• **TASK OBJECTIVE**:
Repeat the listing that follows, character for character, minus the pictures.

• **DATASET CONTENT**:
--*--

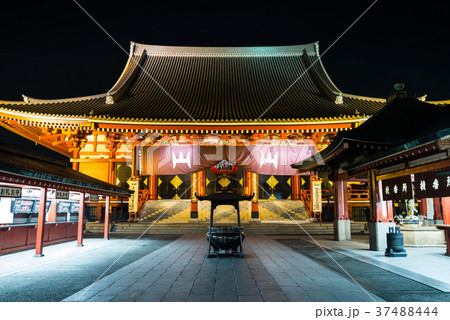 浅草寺 本堂 夜景 2018年1月撮影 浅草寺 本堂 夜景 2018年1月撮影 37488444
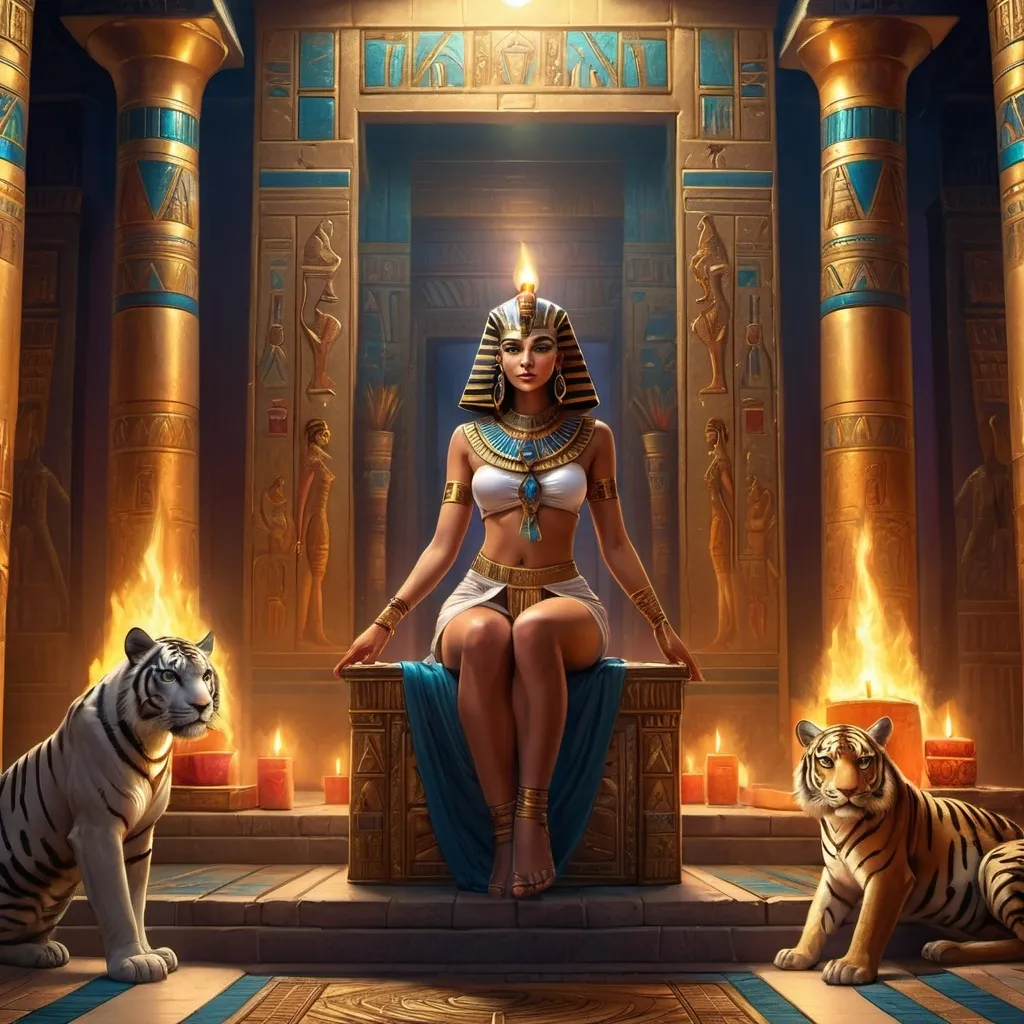 Prompt: Egyptian dancer (waitress) girl, tarot card composition, (hyperrealistic) Egyptian palace backdrop, pharaoh on throne, a flaming candle illuminating scene, majestic tiger beside pharaoh, moonlight casting enchanting shadows, mystical (Egyptian themes), intricate details, vivid colors, stunning atmosphere, immersive ambiance, (D&D fantasy art), highly detailed, 4K quality, captivating character design.
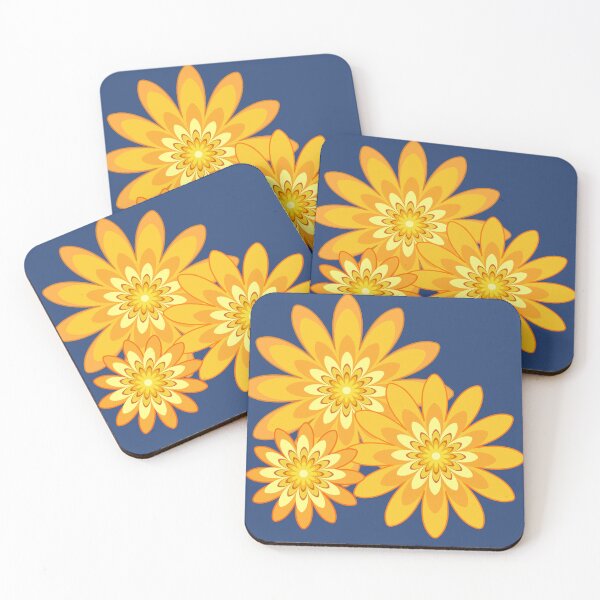 Item preview, golden yellow floral pattern modern design navy blue designed and sold by Bakkia.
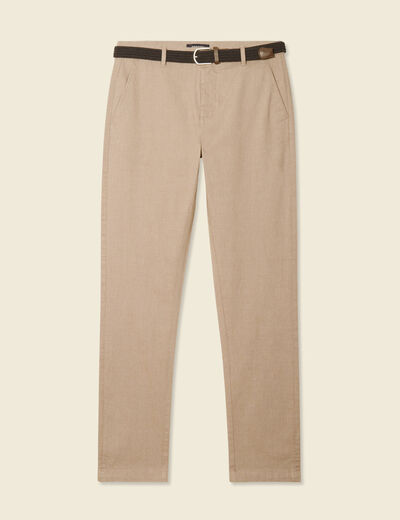 Pantalon chino straight taupe homme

--*--

• **ANSWER SECTION**:
 浅草寺 本堂 夜景 2018年1月撮影 浅草寺 本堂 夜景 2018年1月撮影 37488444
 Prompt: Egyptian dancer (waitress) girl, tarot card composition, (hyperrealistic) Egyptian palace backdrop, pharaoh on throne, a flaming candle illuminating scene, majestic tiger beside pharaoh, moonlight casting enchanting shadows, mystical (Egyptian themes), intricate details, vivid colors, stunning atmosphere, immersive ambiance, (D&D fantasy art), highly detailed, 4K quality, captivating character design.
 Item preview, golden yellow floral pattern modern design navy blue designed and sold by Bakkia.
 Pantalon chino straight taupe homme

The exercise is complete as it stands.